Marcel Duchamp took aim at conventional notions of "high art," "culture" and commodities by presenting mass-produced objects such as a bottle rack or a snow shovel as sculpture. He coupled his visual assaults on "art" with verbal puns: he signed his Fountain, "R. Mutt," or "armut," German for poverty, and named a Mona Lisa defaced by a drawn-on goatee beard and moustache L.H.O.O.Q., a coarse French pun (When pronounced in French, "elle a chaud au cul", it means "She's got a hot ass").
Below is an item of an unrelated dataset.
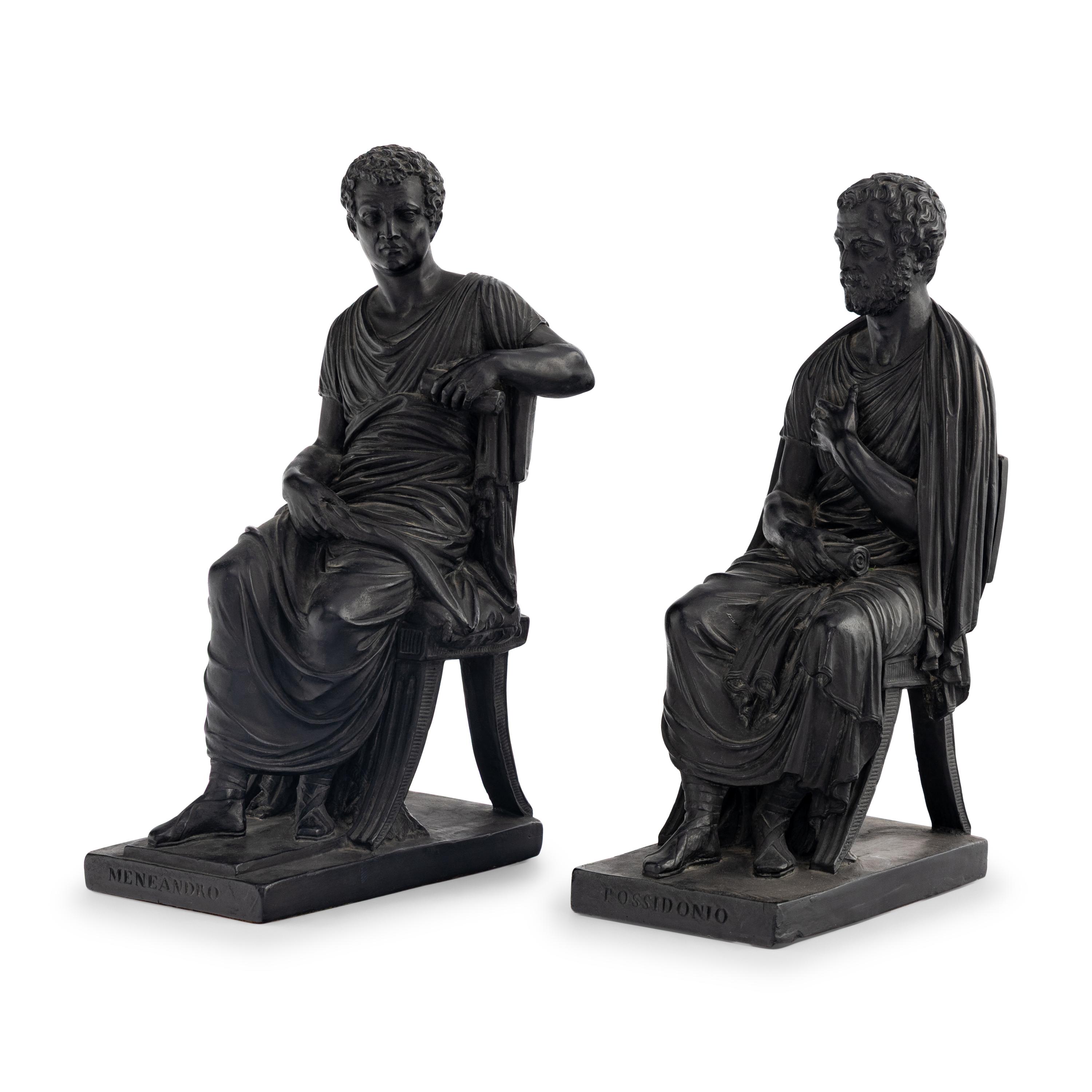 A Pair of Black Earthenware or Composition Figures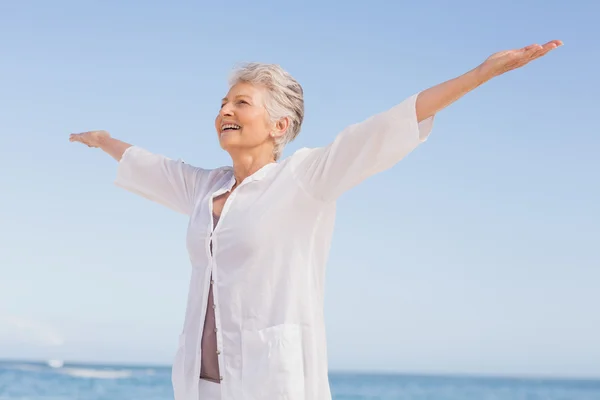 Casual senior woman with arms outstretched — Stock Photo, Image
When his Fountain was rejected as not being art, for the unjuried 1917 Independents exhibition in New York, Beatrice Wood defended him: "The only works of art America has given are her plumbing and her bridges."

Research published in 1997 by art historian Rhonda Roland Shearer indicates that Duchamp's supposedly 'found' objects may actually have been created by Duchamp. Exhaustive research of items like snow shovels and bottle racks in use at the time has failed to turn up any identical matches. The urinal, upon close inspection, is non-functional. The artwork "L.H.O.O.Q." which is supposedly a poster-copy of the Mona Lisa with a mustache drawn on it, turns out to be not the true Mona Lisa, but Duchamp's own slightly-different version that he modelled partly after himself. If Shearer's findings are correct then Duchamp was creating an even larger joke than he admitted. [1] (http://www.duchamp.org/ImpossibleBed/PartI/)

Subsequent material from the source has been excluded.